Thanks to Michael, Michael, Lloyd, Cees,
your answers and insights have made things clearer for me.
I think I'll use a combination of all of that for this new application we're
writing.
In other words, to program "defensively", I propose to do this :
when sending the html page with the <form> :
- create the page and save it as UTF-8
- have the proper charset indications in it
- include a hidden test field with some known UTF-8 sequence (e.g. "ÄÖÜ")
- make sure that the application and the webserver send out the page with the proper
Content-type and charset (HTTP headers)
But since we still don't know what the browser (and the user) will actually do
with this,
upon reception of the POST :
- get the test field and check how it was received
a) check if it has the "is_utf8()" flag set (probably not)
b) if not (a) check if at least it has the correct UTF-8 bytes in it
(6, not 3)
c) if nor (a) nor (b), reject with error (don't know what it is then)

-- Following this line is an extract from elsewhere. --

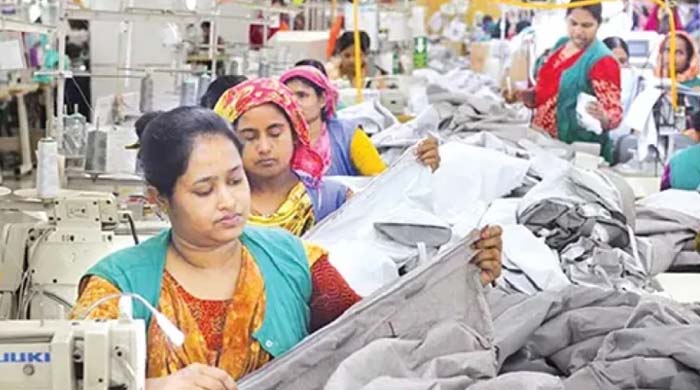 এনবিআরের কর্মবিরতি ও বৈশ্বিক মন্দায় রপ্তানি আয়ে পতন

d) if not (a), but (b), then set a flag 'must_decode'
- get the other parameters, and
- if the 'must_decode' flag is not set, leave them 'as is'
- if the flag is set, Encode::decode('utf8',..) all received
parameters, except for file uploads (*)
That's of course in the hope that, some day, browsers will send multipart data with the
proper charset indication, and that CGI.pm will take it into account and do the right thing.
(*) although a question then is how a Polish browser would send the filename attribute,
assuming it is originally something like "Qualitätsübersicht.pdf"